La Bourse Verte du Luxembourg, créée en 2016, cote la moitié du marché mondial d'obligations vertes, durables et sociales. Le gouvernement s'est engagé à élaborer une stratégie nationale de finance verte et est actif à l’international en la matière. Il pourrait aller plus loin : renforcer le cadre juridique pour prendre en compte les risques et les impacts environnementaux dans les décisions d'investissement, élargir son champs d’action au-delà de la finance climatique (p.ex. biodiversité, économie circulaire), et mieux exploiter les synergies avec les technologies financières (FinTech) et les investissements directs étrangers. Afin de garantir la crédibilité des produits financiers verts et éviter l'« écoblanchiment », il devrait aussi élaborer des indicateurs pour suivre l’impact sur l'environnement des investissements financés par ces produits. La loi-cadre sur le climat offre l'occasion d’ancrer dans la législation l'engagement pris dans le cadre de l'Accord de Paris d’aligner les flux de capitaux avec les objectifs climatiques.

Carrefour pour le trafic de marchandises et pôle d’attractivité pour l’emploi dans la Grande Région, le Luxembourg attire quotidiennement plus de 200 000 navetteurs transfrontaliers et un trafic routier de transit dense. Cela s’accompagne de problèmes de saturation des routes et de pollution de l’air. La grande majorité des déplacements personnels se font en voiture. Plus de la moitié des émissions de GES proviennent des transports.

Pour répondre aux besoins en mobilité tout en améliorant la qualité de l’air, la stratégie pour une mobilité durable mise à jour en 2018 (Modu 2.0) fixe des objectifs bienvenus. Il s’agit de rééquilibrer la répartition modale et d’encourager les modes de déplacement actifs (marche à pied, vélo). Le pays a investi massivement dans les transports en commun, les infrastructures ferroviaires, les bus à faibles émissions, les parkings relais, les plateformes multimodales et les pistes cyclables. En mars 2020, les transports publics sont devenus gratuits afin d’induire un report modal. Cela devra s’accompagner d’une meilleure qualité du service et de la gestion du stationnement, principaux facteurs dans le choix entre voiture privée et transports collectifs. Dans la perspective d’un parc de voitures particulières composé pour près de la moitié de véhicules électriques d’ici 2030, l’achat de tels véhicules est encouragé financièrement et un réseau de bornes de recharge est en déploiement.
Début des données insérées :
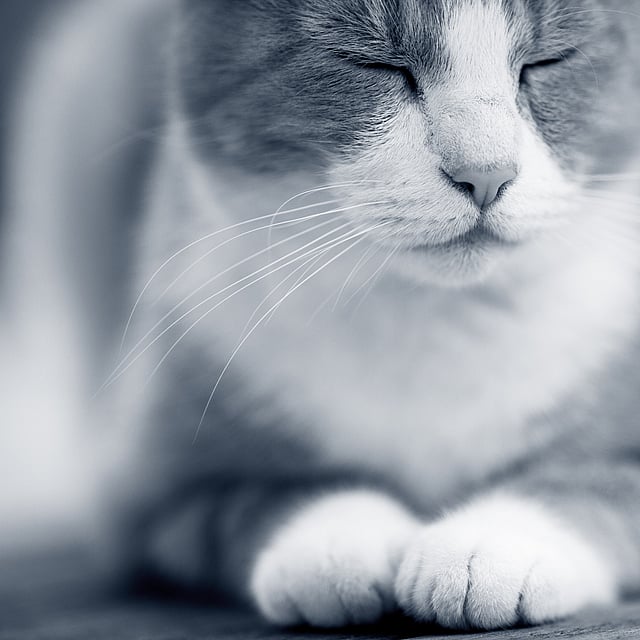 Un primer plano de un gato.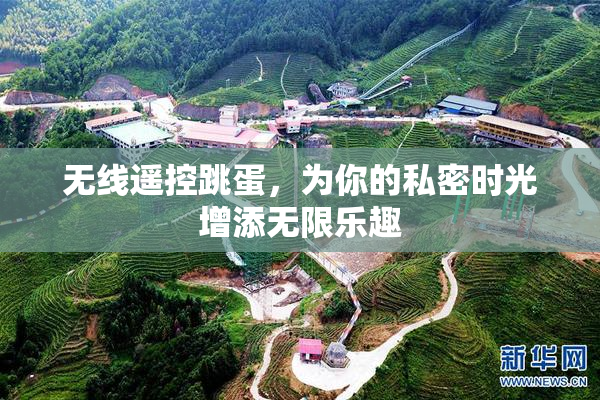 无线遥控跳蛋，为你的私密时光增添无限乐趣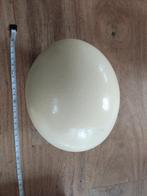 Struisvogelei, Ophalen of Verzenden, Beeldje of Figuurtje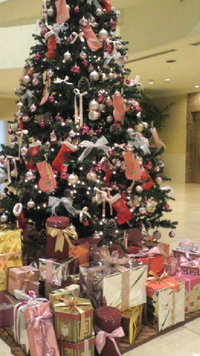X'masツリー 2011/12/12 16:44:09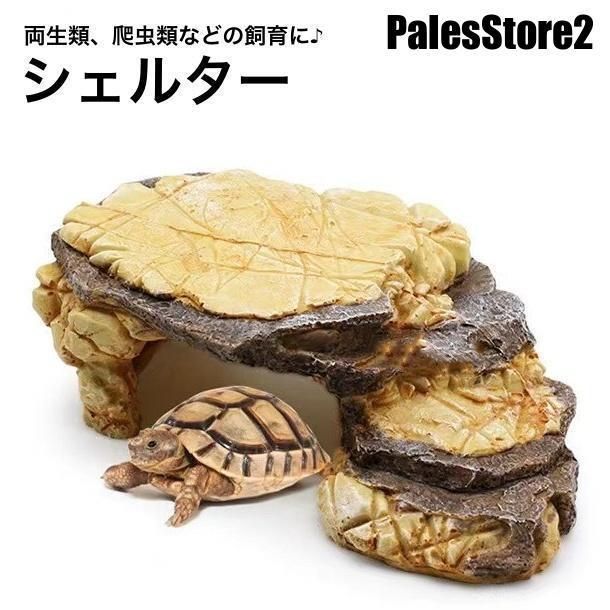 No.855J】大型シェルター流木爬虫類レイアウト✫エアープランツ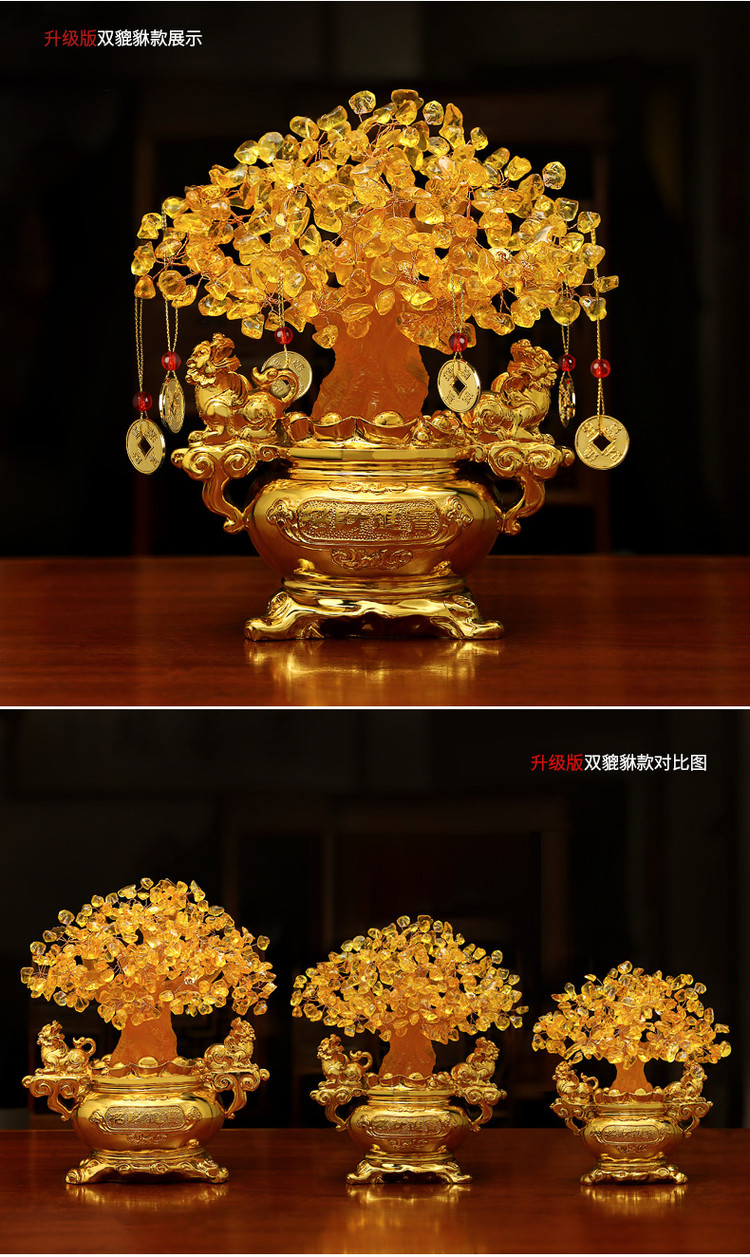 Money Tree Plant Feng Shui Sale Detail (10)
Réaliser les objectifs de mobilité durable exige un engagement fort de tous les acteurs (État, communes, employeurs, citoyens) et une coopération efficace avec les pays voisins et au sein de l’Union Européenne. Il faudra aussi exploiter les synergies entre les mesures concernant les transports, le logement, l’aménagement du territoire, la qualité de l’air, le climat et l’efficacité énergétique. Cela devrait aller de pair avec une refonte du bouquet d’instruments économiques qui s’applique aux transports (taxes sur les carburants, subventions et taxes sur les véhicules, taxes sur les voitures de société, indemnités de déplacement domicile-travail, redevances routières) afin de l’aligner avec l'objectif d’une mobilité durable. Enfin, il faudra suivre de près la mise en œuvre du paquet de mesures, y compris la gratuité des transports publics, pour en évaluer les effets réels sur la répartition modale et la qualité de l’air.